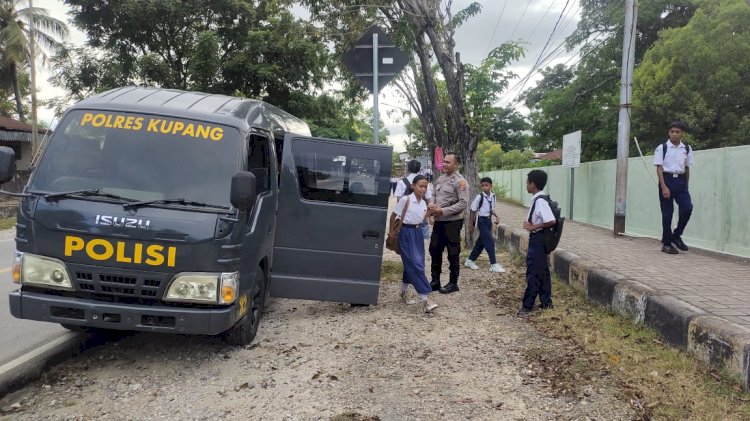 Kapolres Kupang Hadirkan Mobil Layanan Bagi Pelajar: Wujud Kepedulian Polri Untuk Masyarakat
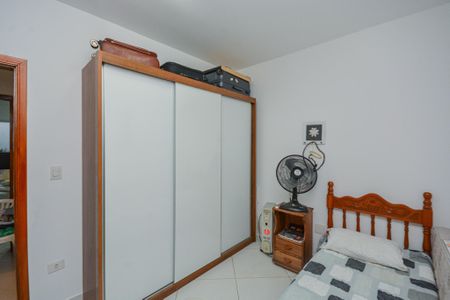 Quarto  de casa para alugar com 2 quartos, 90m² em Jardim Regis, São Paulo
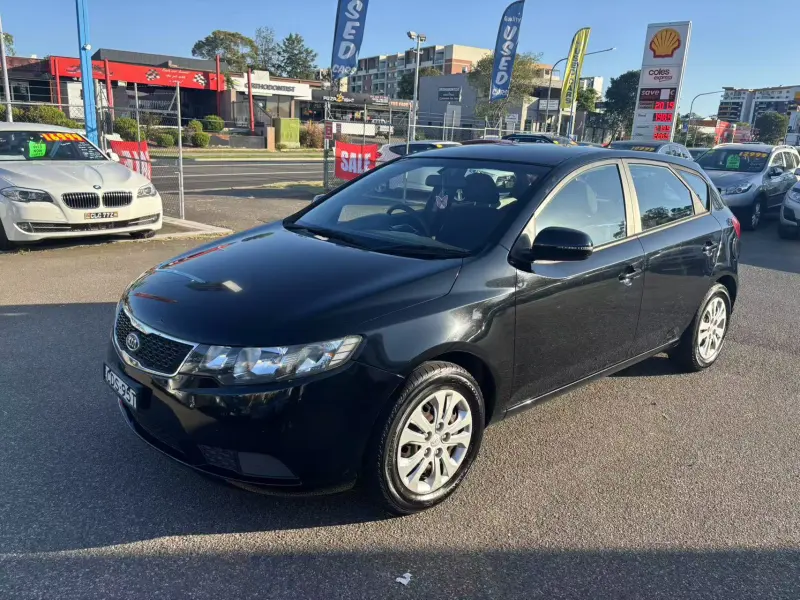 2011 KIA CERATO Si, manual, low kilometers, $ 6999 Cheap reliable 1st car.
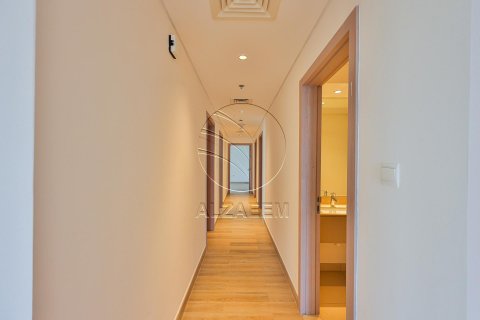 Apartmen di Yas Island, Abu Dhabi, UAE 3 bilik tidur, 132 meter persegi № 615222 - foto 4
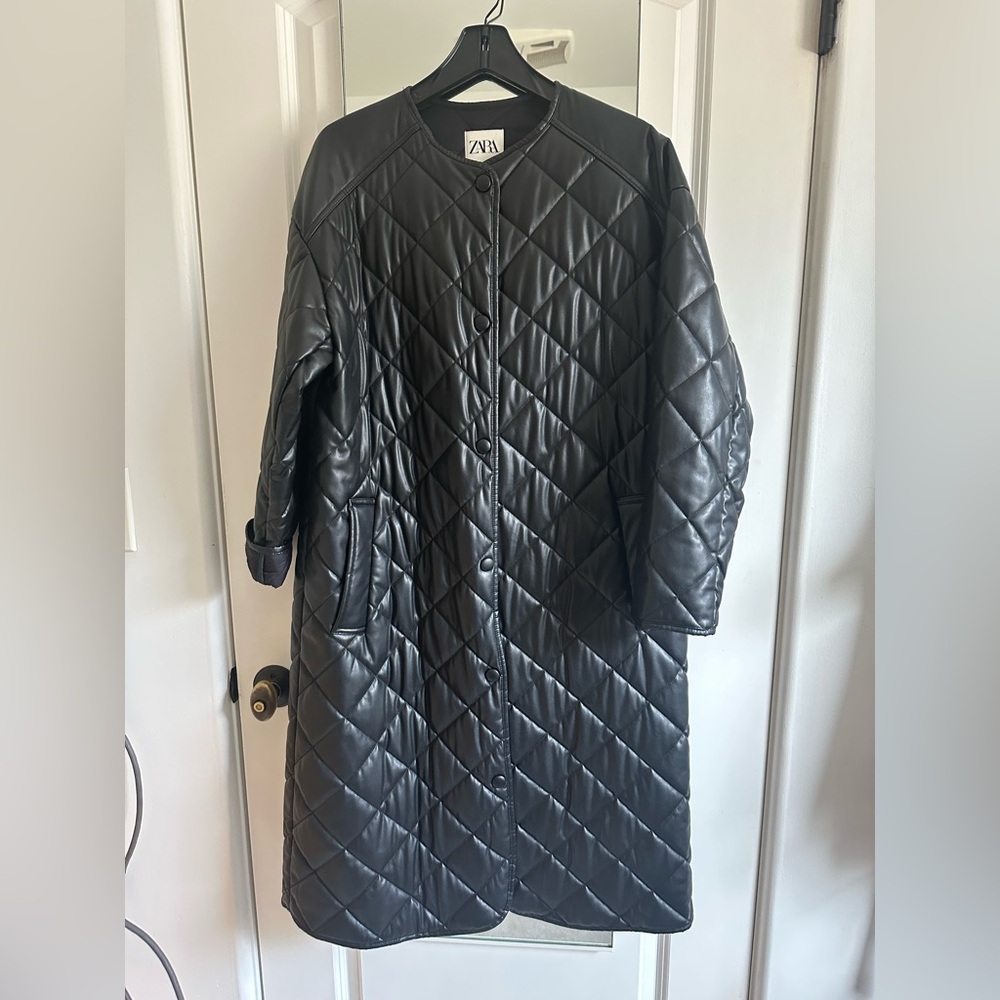 Zara Black Quilted Women's Coat
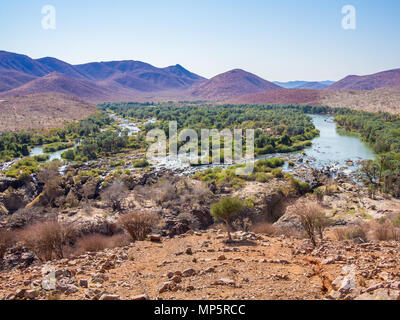 Vue panoramique sur la rivière Kunene Epupa Falls et à la frontière entre la Namibie et l'Angola, l'Afrique Banque D'Images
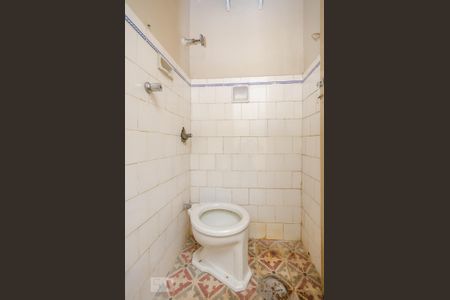 Casa à venda com 400m², 2 quartos e 10 vagasBanheiro de Serviço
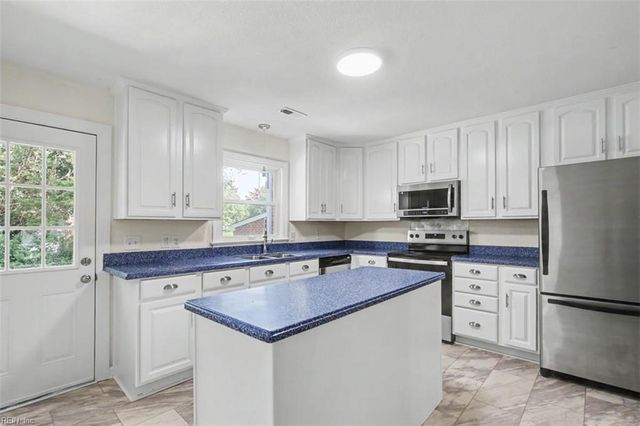 8 Riverdale DR, Hampton, VA 23666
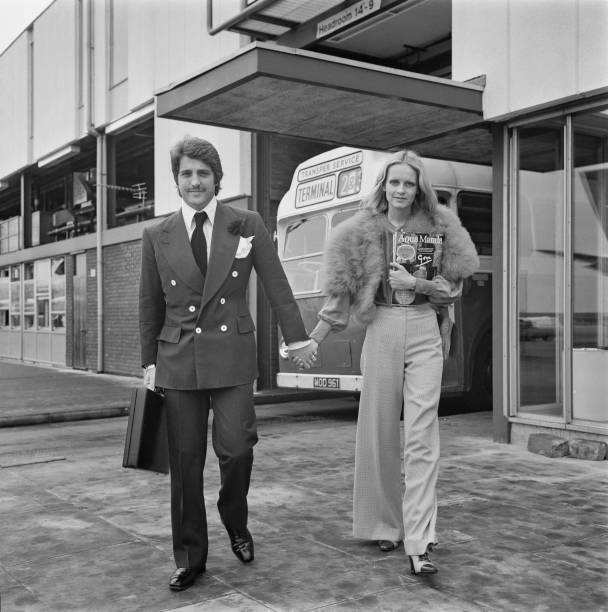 Twiggy at Heathrow Airport in London with her partner 1972 OLD PHOTO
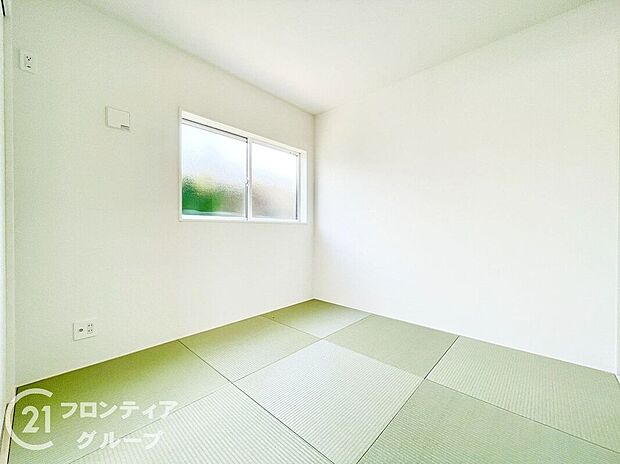 【子供部屋】新しいい草香る畳スペースは、使い方色々!客室やお布団で寝るときにぴったりの空間ですね。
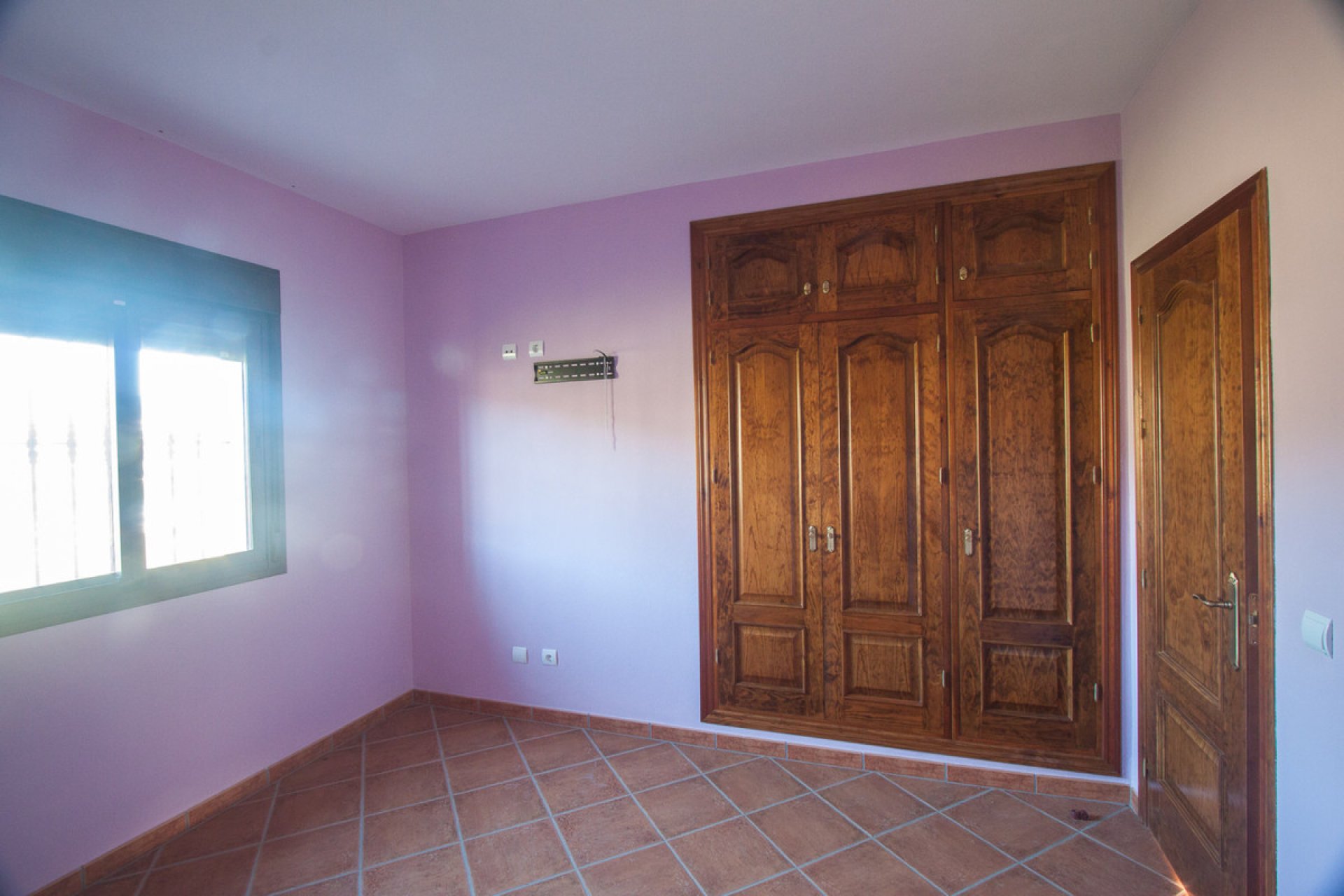 Resale - House - Finca - Cortijo - Estepona - Estepona Centro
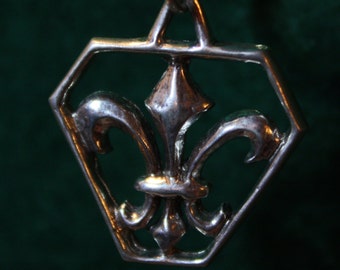 Fluer-de-Lis - Sterling Silver Pendant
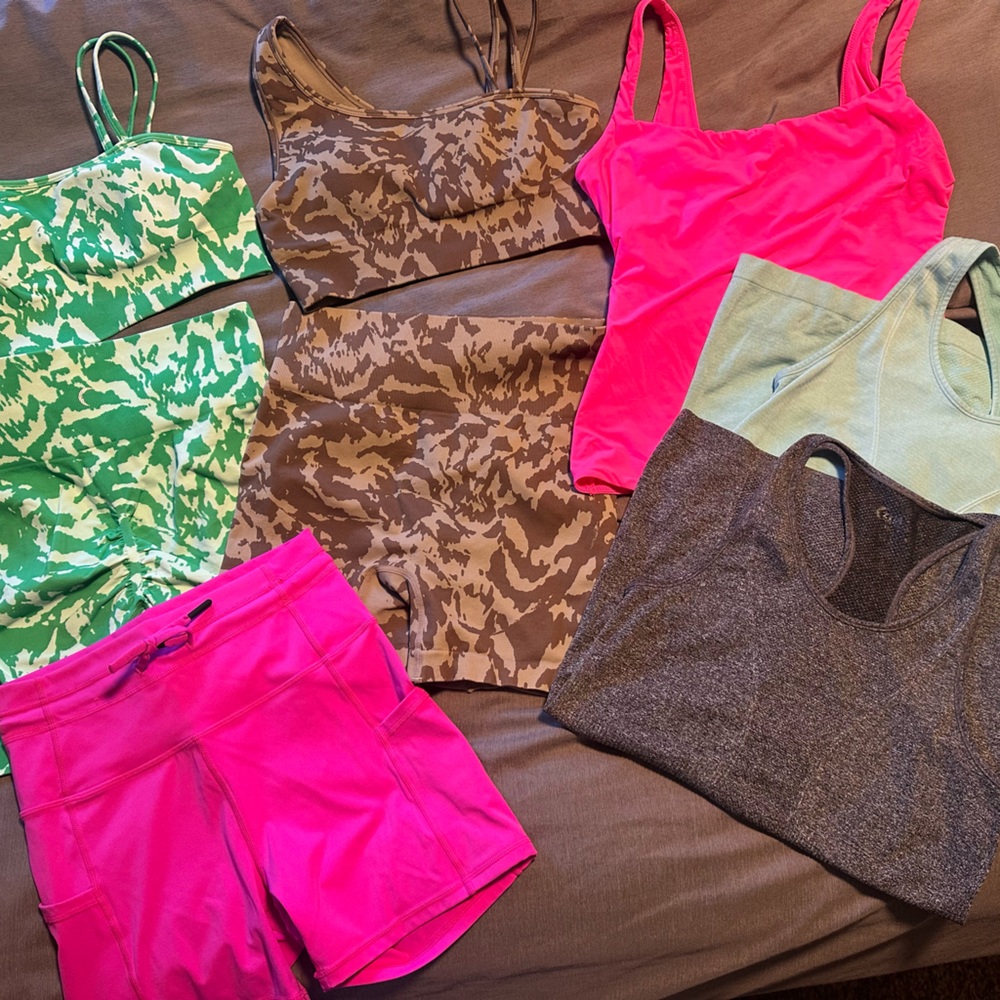 Bright Pink Seamless Sports Bra — Supportive Women's Activewear
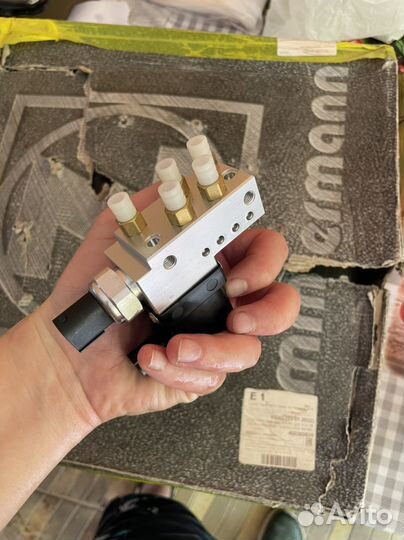 Блок клапанов пневмоподвески mercedes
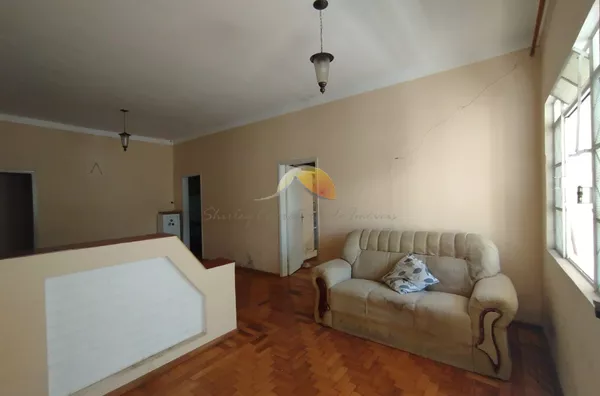 VENDE-SE CASA NO BAIRRO VARGINHA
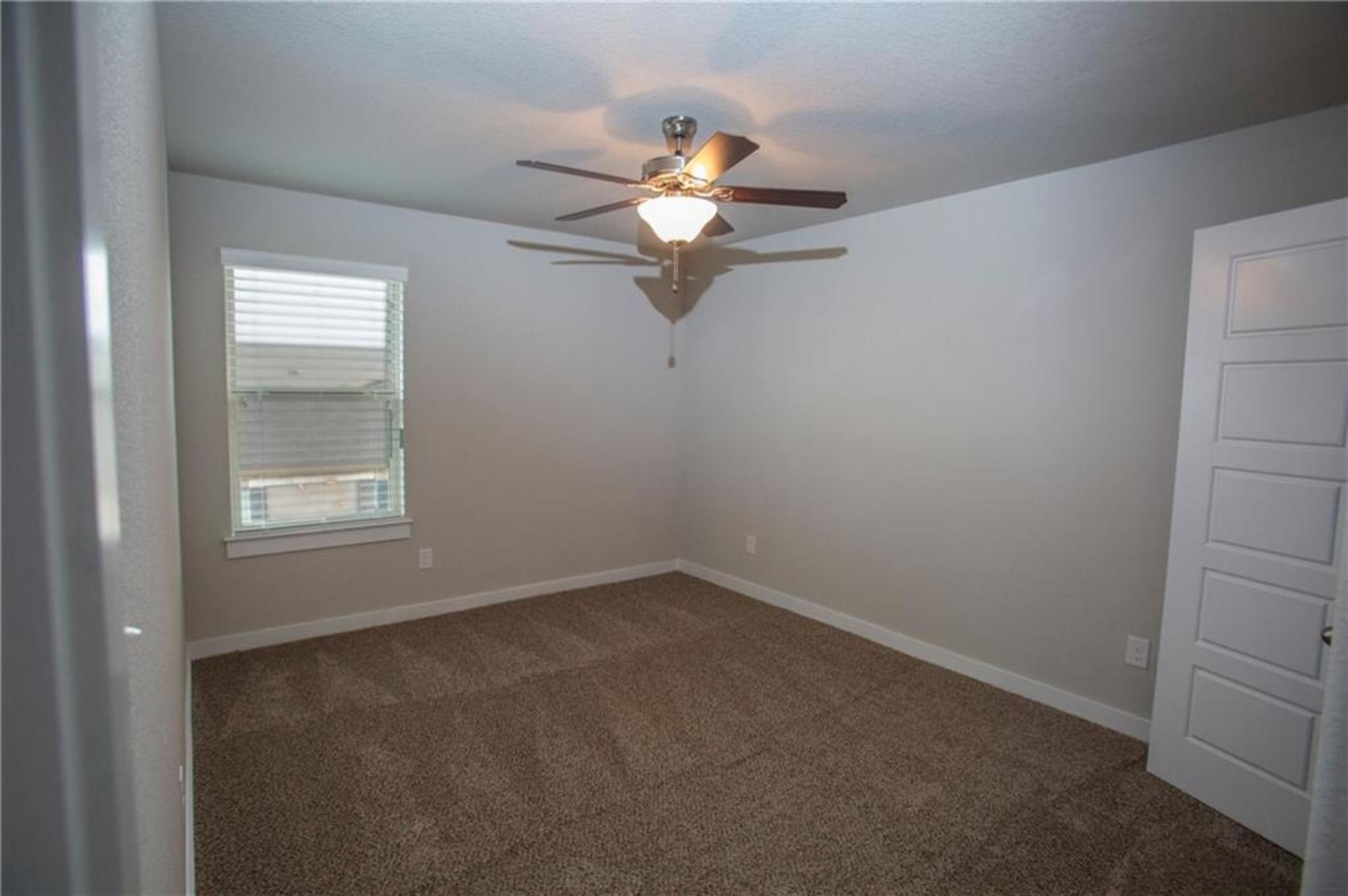 137 Lakeview Ct Property Photo 10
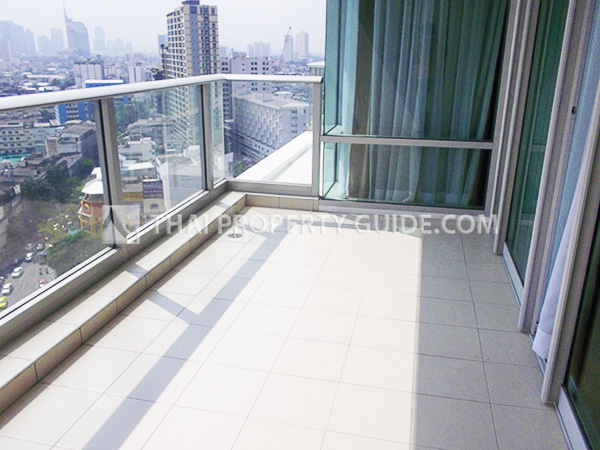 Condominium in Ploenchit 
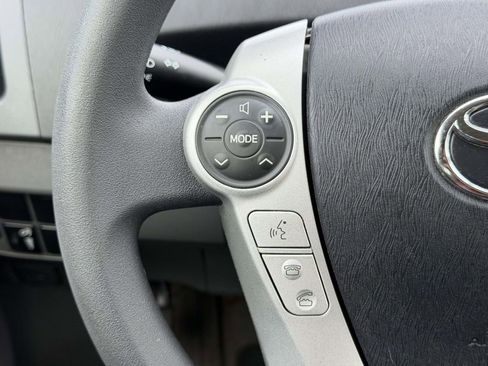 Used 2011 Toyota Prius Three image 8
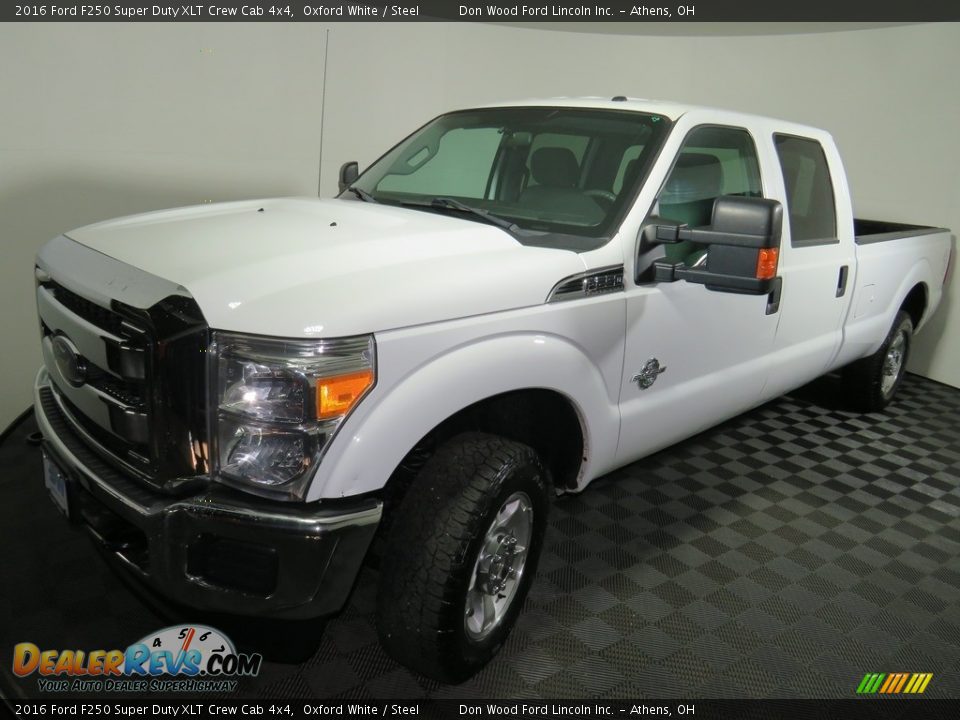 2016 Ford F250 Super Duty XLT Crew Cab 4x4 Oxford White / Steel Photo #7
====
> Task objective: Print the data again word for word, pictures excluded.

> Expected output:
 Kapolres Kupang Hadirkan Mobil Layanan Bagi Pelajar: Wujud Kepedulian Polri Untuk Masyarakat
 Quarto  de casa para alugar com 2 quartos, 90m² em Jardim Regis, São Paulo
 2011 KIA CERATO Si, manual, low kilometers, $ 6999 Cheap reliable 1st car.
 Apartmen di Yas Island, Abu Dhabi, UAE 3 bilik tidur, 132 meter persegi № 615222 - foto 4
 Zara Black Quilted Women's Coat
 Vue panoramique sur la rivière Kunene Epupa Falls et à la frontière entre la Namibie et l'Angola, l'Afrique Banque D'Images
 Casa à venda com 400m², 2 quartos e 10 vagasBanheiro de Serviço
 8 Riverdale DR, Hampton, VA 23666
 Twiggy at Heathrow Airport in London with her partner 1972 OLD PHOTO
 【子供部屋】新しいい草香る畳スペースは、使い方色々!客室やお布団で寝るときにぴったりの空間ですね。
 Resale - House - Finca - Cortijo - Estepona - Estepona Centro
 Fluer-de-Lis - Sterling Silver Pendant
 Bright Pink Seamless Sports Bra — Supportive Women's Activewear
 Блок клапанов пневмоподвески mercedes
 VENDE-SE CASA NO BAIRRO VARGINHA
 137 Lakeview Ct Property Photo 10
 Condominium in Ploenchit 
 Used 2011 Toyota Prius Three image 8
 2016 Ford F250 Super Duty XLT Crew Cab 4x4 Oxford White / Steel Photo #7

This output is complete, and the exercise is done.